The budget approved the following items to be included as eligible expenses: altered auditory feedback devices for the treatment of a speech disorder; electrotherapy devices for the treatment of a medical condition or a severe mobility impairment; standing devices for standing therapy in the treatment of a severe mobility impairment; and pressure pulse therapy devices for the treatment of a balance disorder.  Expenses for service animals specially trained to assist an individual who is severely affected by autism or epilepsy to cope with the individual’s impairment, was also added.   Currently, the rules only recognize an individual who is blind, deaf or has a severe impairment that markedly restricts the use of the individual’s arms or legs.

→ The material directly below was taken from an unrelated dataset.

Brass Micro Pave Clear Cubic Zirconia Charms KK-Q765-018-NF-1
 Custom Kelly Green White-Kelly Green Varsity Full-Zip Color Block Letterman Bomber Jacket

Finally, the budget announced that it would revise the wording on prescription drugs.  Currently, drugs, medications and other preparations are eligible for the Medical Tax Credit when they are both prescribed by a recognized medical practitioner (or a dentist) and recorded by a pharmacist.  However, recent court decisions have interpreted this measure to include, in some cases, the cost of vitamins, supplements and drugs that could otherwise be purchased without a prescription.  To clarify the issue, the government is going to clarify the wording for eligible drugs and medications to ensure that those that may be purchased without a prescription remain ineligible.

This is good news!  By reinforcing the rules, the government is taking a serious stance on the importance of the Medical Tax Credit as well as Health Spending Accounts.  This should be a taken as stern message to some of the fly-by-night HSA providers to shape up your adjudication and HSA knowledge, or ship out!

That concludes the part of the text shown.